Photech Environmental Solutions said it isn’t fazed by a controversial new pricing plan introduced by Stewardship Ontario on Jan. 1.
The change has already prompted the largest paint recycler in the province, Hotz Environmental, to announce it will no longer truck away or process municipal paint waste, saying the changes imposed by Stewardship Ontario would result in “substantial” financial losses.
“Stewardship Ontario asked us if, in case of a service interruption, we’d be willing and able to pick up the slack,” said Shawn Barlow, Photech’s chief executive officer. “We believe we can.”
Stewardship Ontario is a not-for-profit organization funded by sellers of recyclable products and charged with running the province’s household recycling programs.
Photech, Hamilton-based Hotz and Société Laurentide of Shawinigan, Que. are the only three paint recyclers approved by Stewardship Ontario. Laurentide has said it doesn’t need more used paint from Ontario.
Photech, which spent the last two years developing its paint recycling capabilities, handled 670,000 kilograms of waste in 2010, including paint, bulbs and batteries, and processed less than one million litres of paint last year. (By comparison, a total of more than 11 million kilograms of used paint waste were collected across Ontario in 2010.) The company has the capacity to house up to 308,000 litres of waste, compared to 1.17 million litres for Hotz, according to documents filed with the Ministry of the Environment.
“It’s just a matter of scaling up,” Mr. Barlow said. “We’re quite confident it won’t be an issue. We just need some time to ramp up” – about 30 to 60 days.
But industry observers question whether Photech is prepared to go from bit player to industry giant overnight. “Certainly this would be at a different scale than [Photech has]been operating at in the past,” said Ken Brothers, commissioner of public works with Niagara Region, who added he is so far assured by what he has heard from Photech. “Our concern is, can we get the material out and can it be processed? Stewardship Ontario is responsible and accountable for this.”

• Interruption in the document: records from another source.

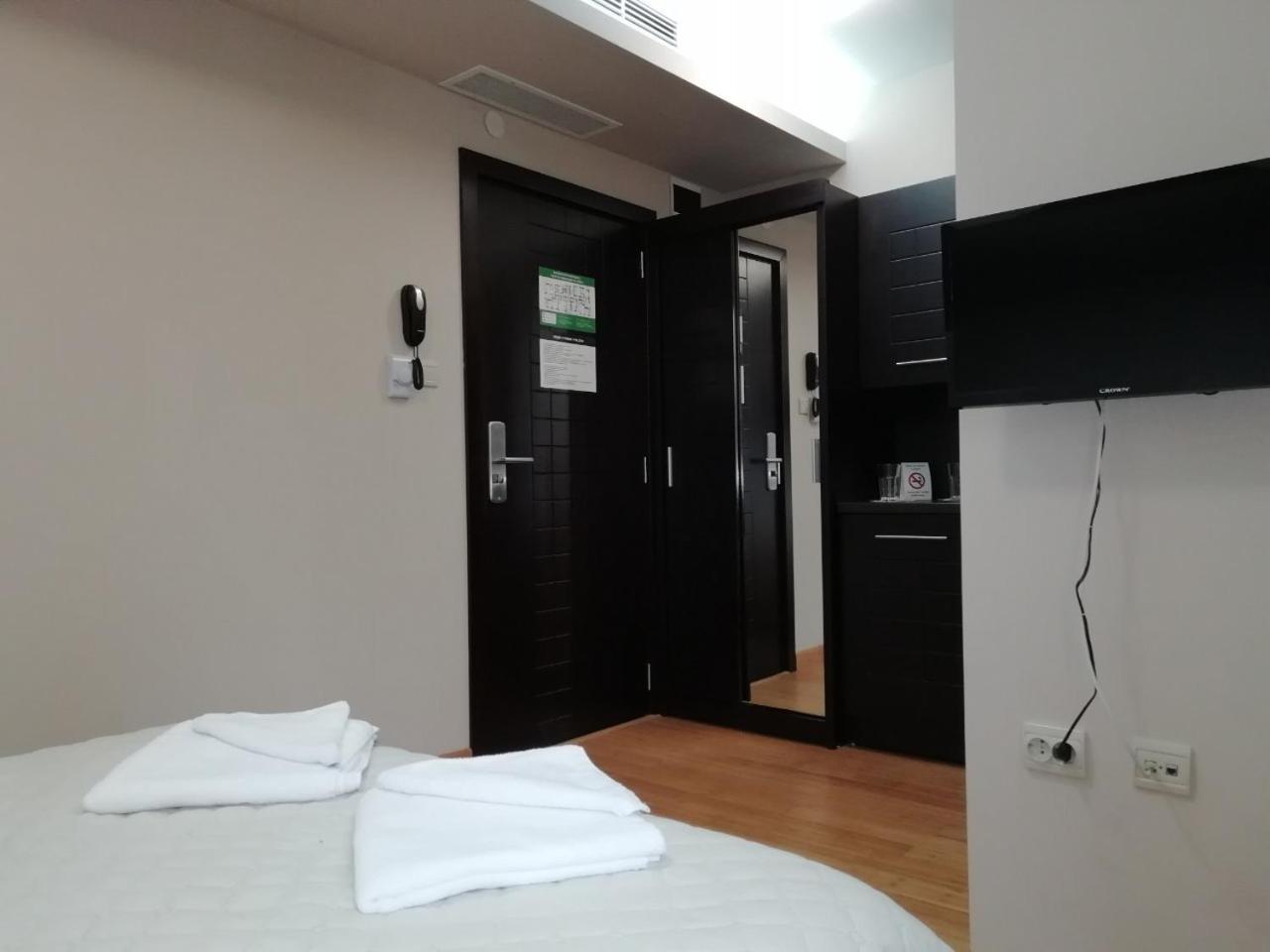 Budget Single Room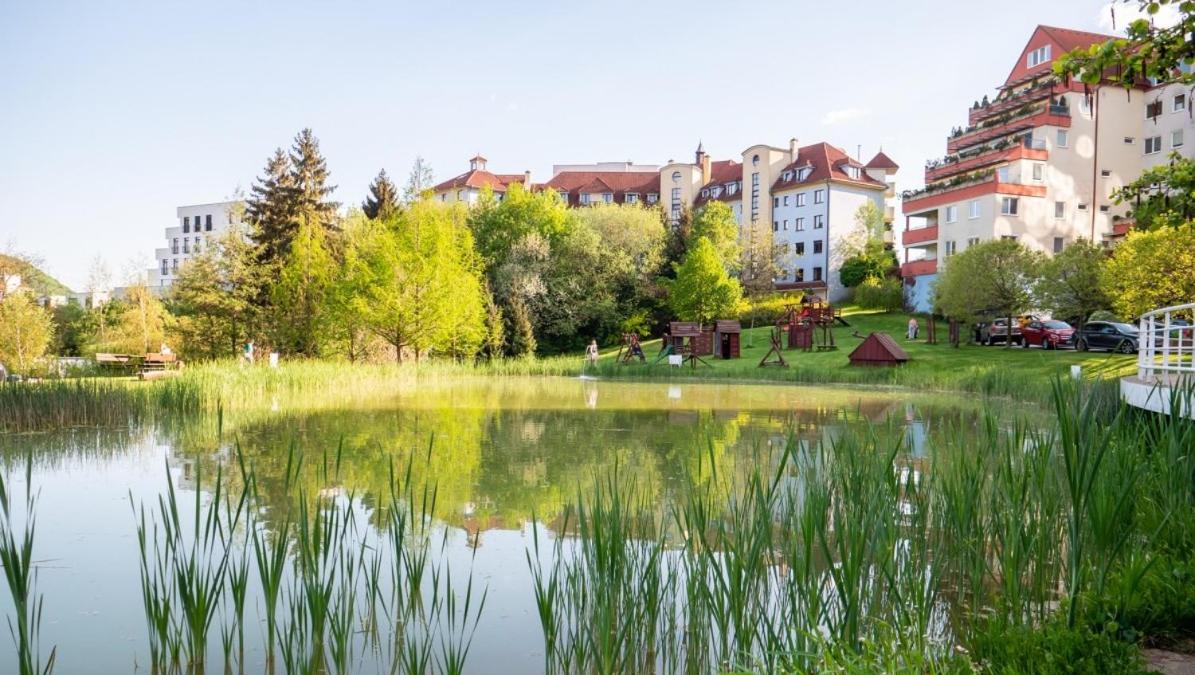 ALURE RESIDENCES 2 & 24h self check-in, parking in the garage in the apartment building included, new building, terrace, green location with a forest park with a lake, children's playground - Chambres d’hôtes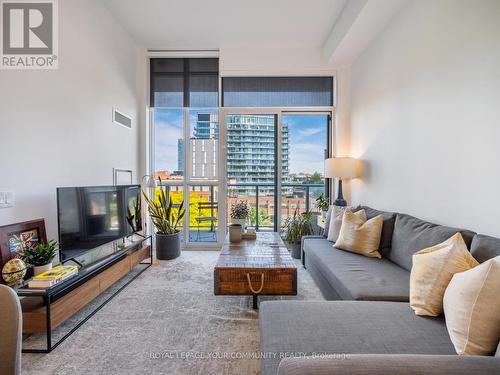 516 - 120 Parliament Street, Toronto (Moss Park), ON - Indoor Photo Showing Living Room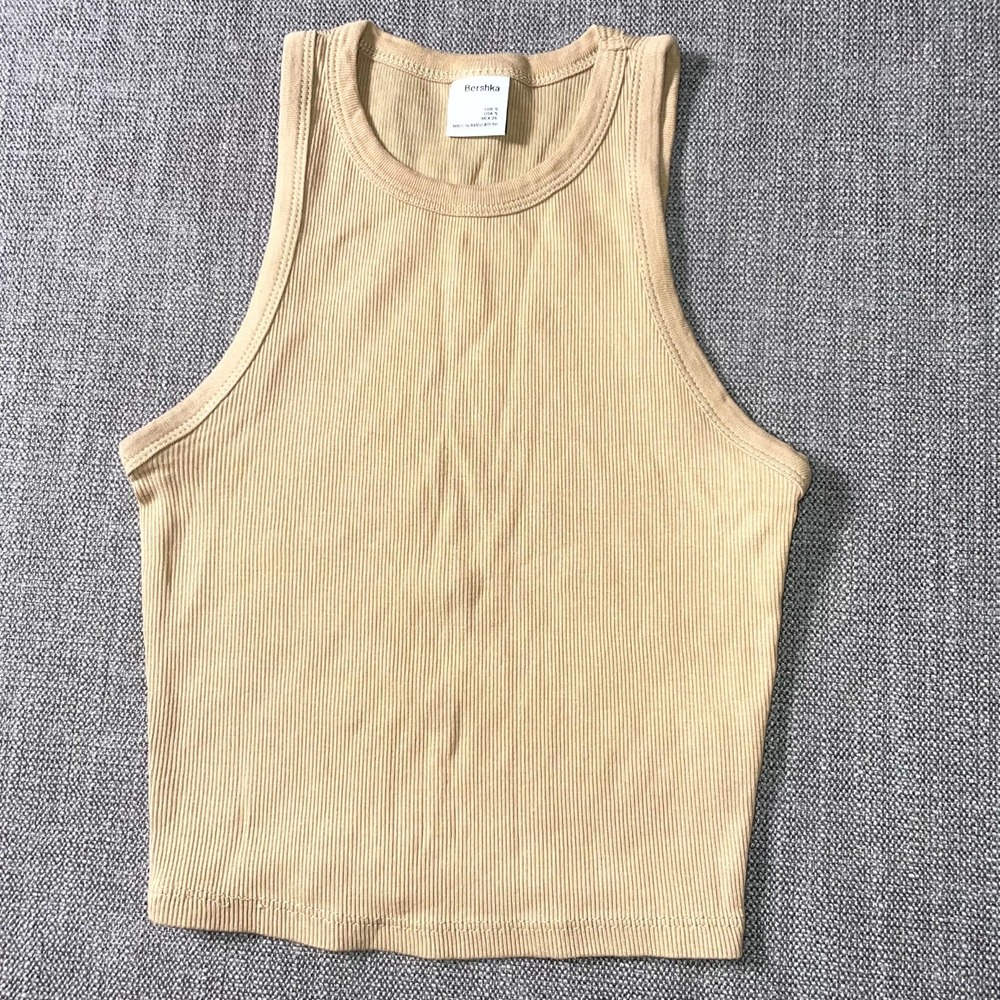 Bershka Cropped Tank Top Womens Small Tan Knit Ribbed Scoop Neck Wide Strap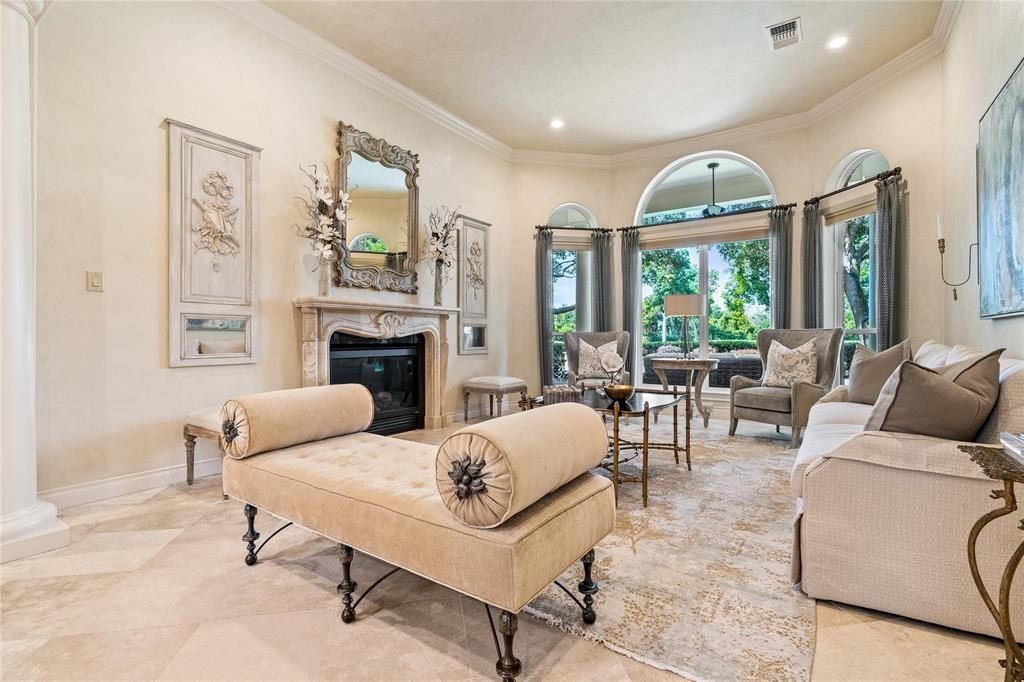 Luxurious custom home with breathtaking golf course views in sugar land priced at 3 million 13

Stewardship Ontario spokeswoman Rula Sharkawi said in an e-mail “we are confident … that there will be capacity to meet demands when volumes peak in the summer.”
However, Michael Scott, CEO of Stewardship Ontario’s overseer, the provincially mandated Waste Diversion Ontario, said he is “in the process of submitting a series of questions to Stewardship Ontario” to provide its analysis of paint recycling capacity at peak season.
According to a profile of Photech in the last Stewardship Ontario annual report, the 15-year-old company “was historically a minor participant” in the household waste business, but is “a natural fit” to help increase the volume of waste diverted from landfills. After Hotz said it would leave the business last week, a Stewardship Ontario official e-mailed industry participants, encouraging them to “please work with Photech.”
The other issue is what happens with the paint once it is recycled. Hotz sells most its recycled paint overseas, and Laurentide sells through Canadian retailers including Rona. The main reason Laurentide doesn’t need more paint from Ontario is that it tries not to take in more used paint than it can sell later in its recycled form, said Laurentide president André Buisson.
Photech says it has been developing a product for the retail market called Loop, but has given most of its output away so far, Mr. Barlow acknowledged. “For the most part we haven’t gone to market in a big way.” However, he said he’s reached a deal with an unidentified big-box retailer that will sell Loop across Canada “in a couple of months. It’s a new market so everything will be a little dependent on how well it’s accepted. Only time will tell how much it sells.”